The demonstration we propose aims to address the state of the art limitations. We propose a mechanism that mines business processes from email logs. We consider that human intervention is often required to generate reliable business process models but we aim to minimize it. We propose then an approach that enables users to collaboratively and gradually build an annotated corpus of messages and to automatically classify these ones into processes, instances and activity IDs using machine learning techniques. This is illustrated in Figures 1 and 2. In Figure 1 we can see the user manually annotating an email in order to enrich the learning dataset. This is achieved through the email client graphical user interface. In Figure 2 we see an annotated email, which is done automatically by the machine learning model. These two features are also illustrated in the video 1 (process name and activity name prediction).

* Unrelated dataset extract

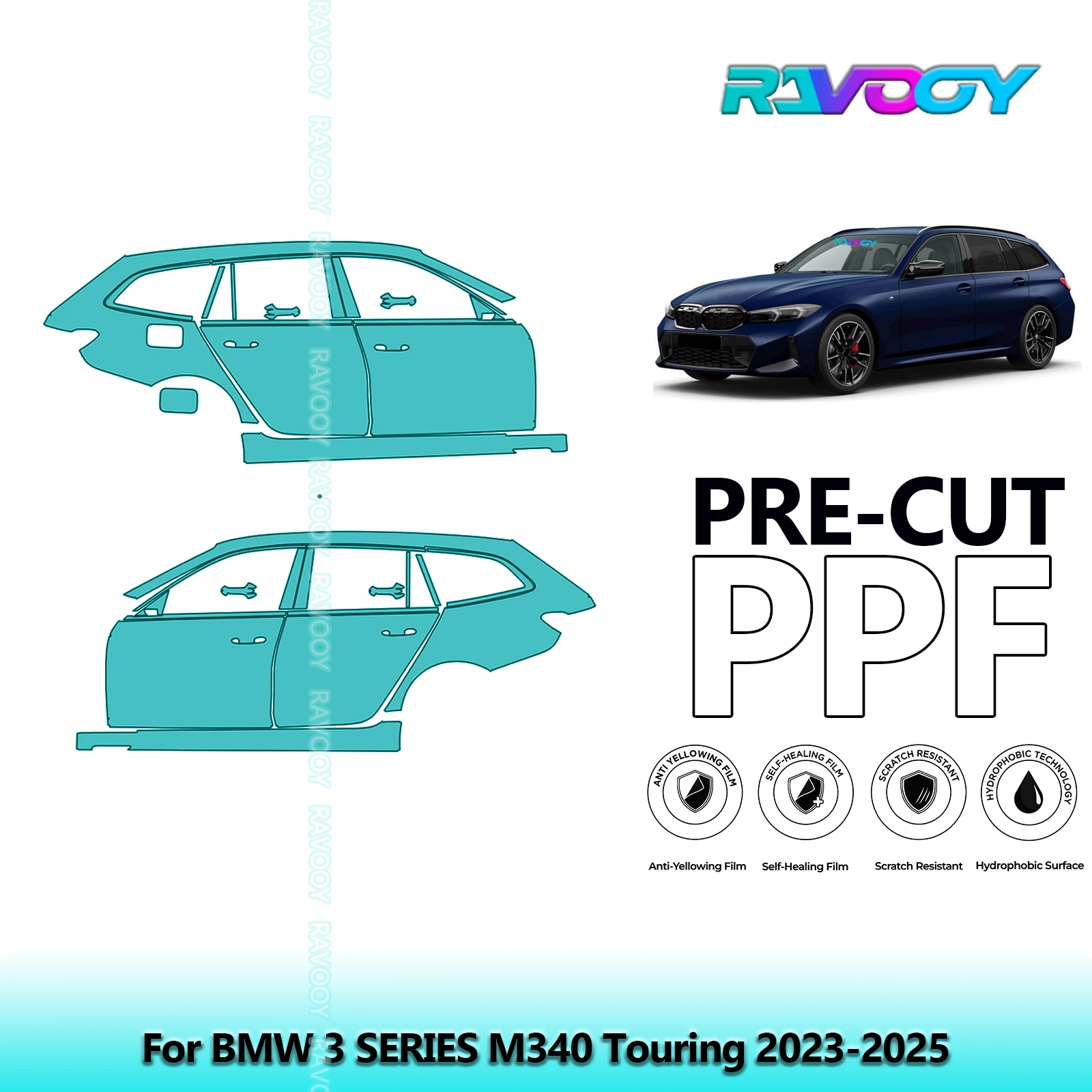 

For BMW 3 SERIES M340 Touring 2023-2025 8.5mil Clear Matte Pre-Cut PPF Door & A/B Pillar Kit TPU Paint Protection Film Set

Our proposal differs from existing works by: (1) Minimizing the effort required for building a training dataset through a collaborative approach (2) Building more discriminative classification and clustering features using references, named entities, email correspondents and email exchange history (3) Applying a fast and non-parametric clustering algorithm for process instance detection.
Once the list of processes are detected, the list of events (activity names) per process is detected, and finally the the associated process instance identifier for each event is detected we build an event log per process on which we can apply any process mining algorithm. Figure 3 shows the discovered business process model on a dataset which contains 180 emails related hiring business process.